Au crédit du gouvernement, il faut noter qu’elles augmentent toutefois quatre fois moins rapidement que par le passé et moins vite que la croissance anticipée. Résultat, le taux de dépenses publiques devrait atteindre l’an prochain 56,7 % du PIB, contre 57,1 % du PIB.
Des « économies » en pointillé
Le gouvernement affiche fièrement ses 15 milliards d’euros d’économies – qui sont davantage, on l’a vu, un ralentissement de la hausse des dépenses -, réparties à hauteur de 9 milliards d’euros sur l’État et les collectivités locales, le reste sur la Sécurité sociale. Mais pas sûr que celles-ci soient effectivement réalisées.
Par exemple, l’État va diminuer de 2 milliards d’euros ses dotations globales aux collectivités locales ; à elles ensuite de répercuter cette baisse dans leurs propres budgets. Or, comme le note le Haut Conseil des finances publiques, « la réduction des concours de l’État ne se traduira pas nécessairement par une diminution à due concurrence de la dépense locale ».

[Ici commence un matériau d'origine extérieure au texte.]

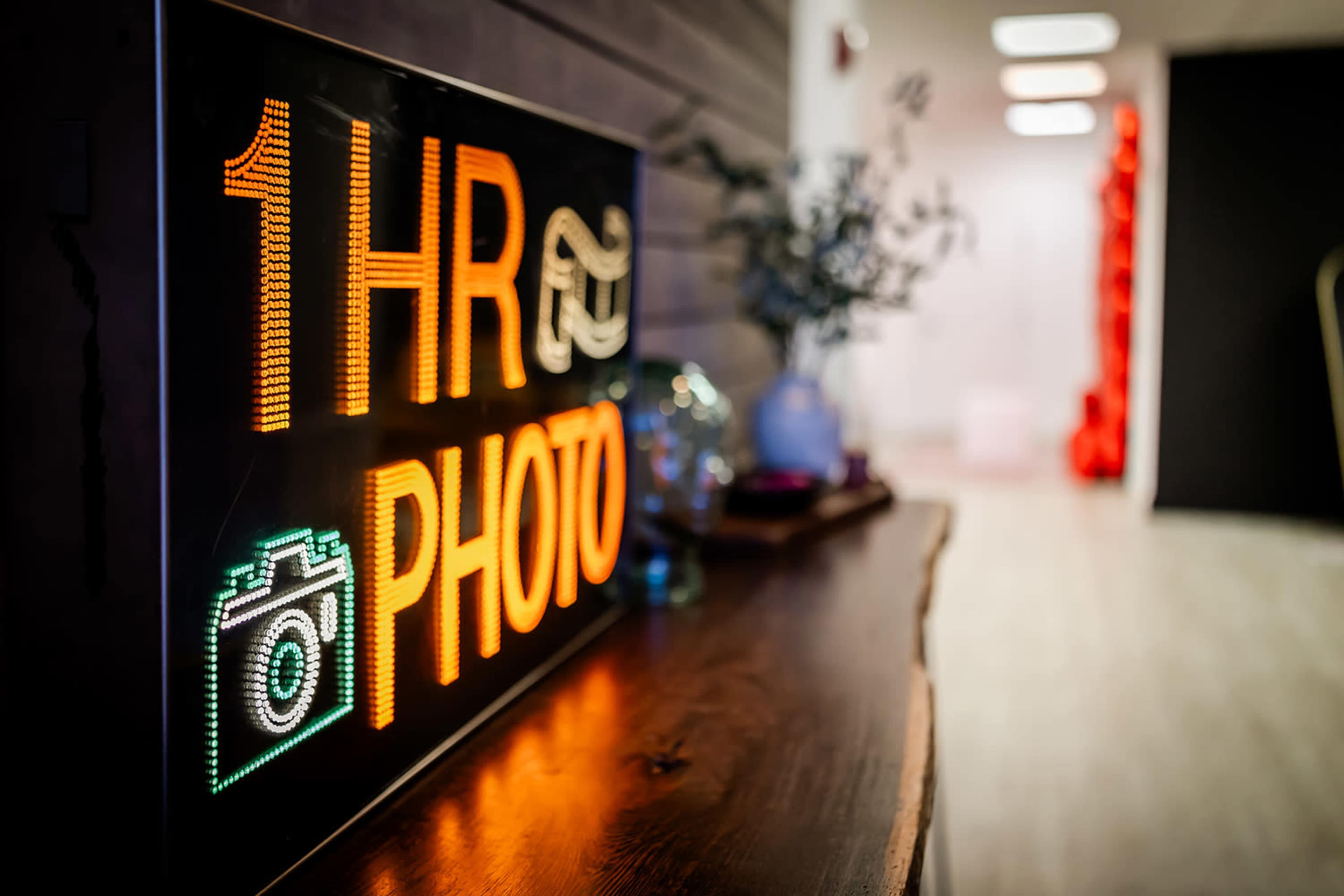The image shows a brightly lit sign displaying "1 HR PHOTO" in orange and white letters, placed on a wooden table in a modern interior space.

Des recettes fiscales en hausse et incertaines
La pause fiscale tant annoncée n’est pas là. Dans les faits, le projet de loi de finances prévoit une hausse de 3 milliards d’euros des recettes fiscales, avec du coup un taux de prélèvement obligatoire qui va passer de 46 % à 46,1 % du PIB.
Mais certes, après 20 milliards d’euros de hausse en 2012, et encore 20 milliards d’euros de hausse en 2012, cette hausse de 0,15 point de PIB reste modérée… Reste que ces rentrées supplémentaires comportent des incertitudes.
D’abord parce que 2 des 3 milliards proviennent d’une lutte accrue contre l’évasion fiscale, un levier sur lequel rien n’est jamais garanti. « C’est un outil avec lequel nous avons tous malheureusement beaucoup trop joué au moment de rédiger les projets de loi de finances », juge ainsi un des prédécesseurs de Cazeneuve au Budget.
Autres incertitudes, cette fois dues à la mauvaise conjoncture en… 2013. Comme certains impôts se règlent avec un décalage dans le temps (impôt sur le revenu, impôt sur les sociétés), les recettes 2014 risquent encore d’être pénalisées.
Enfin, le gouvernement table beaucoup sur son nouvel impôt, une cotisation sur l’excédent brut d’exploitation, qui va remplacer la taxe sur le chiffre d’affaires (IFA) et doit rapporter 2,5 milliards d’euros. Problème, comme toute nouvelle taxe, difficile d’en planifier pleinement les retombées sans expériences passées. Résultat, le Haut Conseil des finances publiques « n’a pas été en mesure d’en évaluer le rendement ».